Below you will find some terminology that may help you as you’re reading about pregnancy. The terms relate to organs and body parts that help a woman carry a baby to term.
Amniotic sac is a thin-walled sac that surrounds the fetus during pregnancy. The sac is filled with amniotic fluid (liquid made by the fetus) and the amnion (the membrane that covers the fetal side of the placenta), which protects the fetus from injury and helps to regulate the temperature of the fetus.
Anus is the opening at the end of the anal canal.
Cervix is the lower part of the uterus that projects into the vagina. It is made up of mostly fibrous tissue and muscle and is circular in shape.
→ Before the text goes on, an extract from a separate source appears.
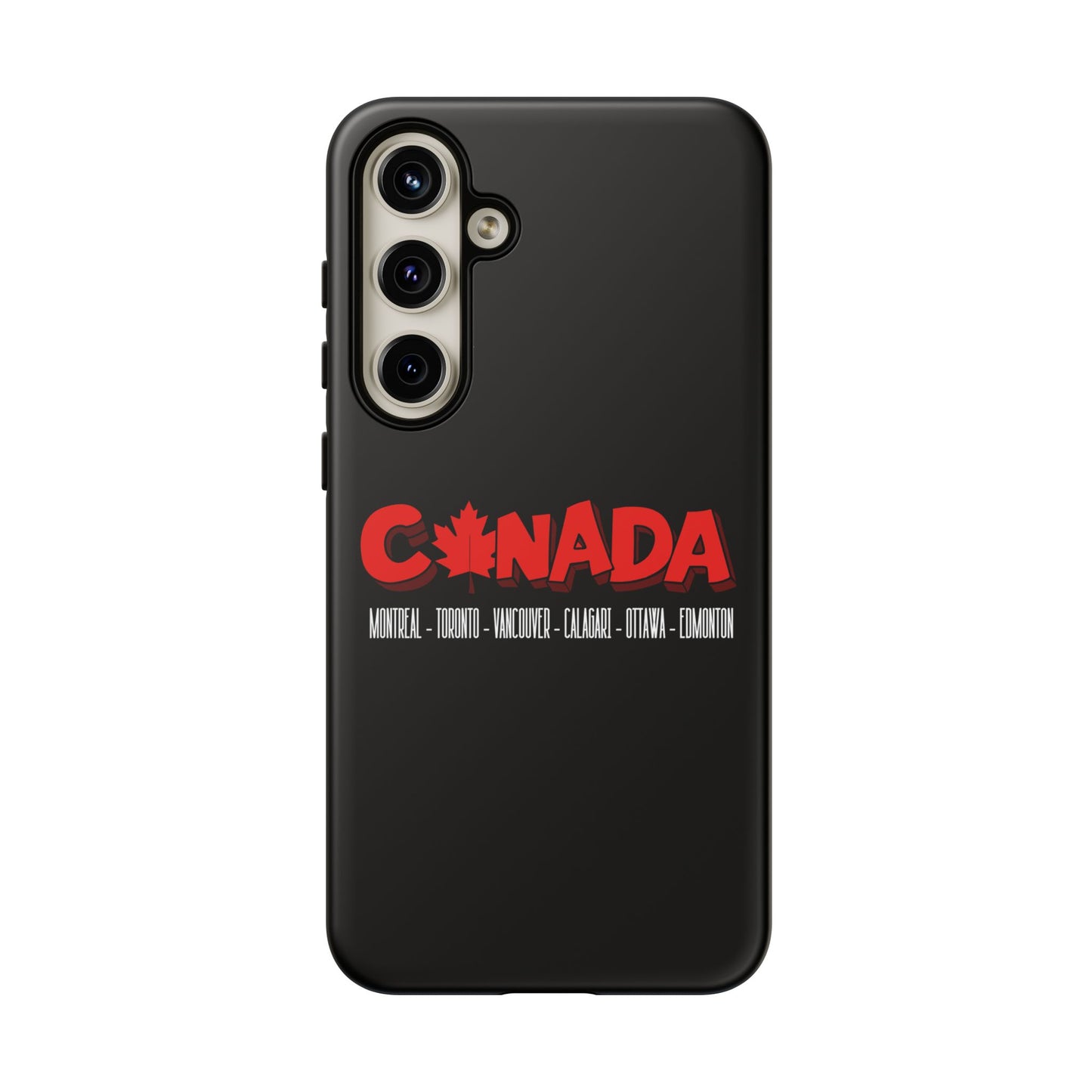 Canada phone case - cities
Fetus is the name for an unborn, developing baby from the eighth week after fertilization until birth.
Placenta is an organ, shaped like a flat cake that only grows during pregnancy and provides a metabolic interchange between the fetus and mother. Through the placenta, the fetus takes in oxygen, nutrients, and other substances and eliminates carbon dioxide and other wastes.
Umbilical cord is a rope-like cord that connects the fetus to the placenta. The umbilical cord contains two arteries and a vein that carry oxygen and nutrients to the fetus and waste products away from the fetus.
Uterus (also called the womb) is a hollow, pear-shaped organ located in a woman's lower abdomen, between the bladder and the rectum. It sheds its lining each month during menstruation, except during pregnancy. During pregnancy, once the fertilized egg (ovum) implants in the uterus, it becomes the home where the fetus develops into a baby.
Vagina is the part of the female genitals that forms a canal extending from the uterus to the vulva. It is behind the bladder and urethra and in front of the rectum.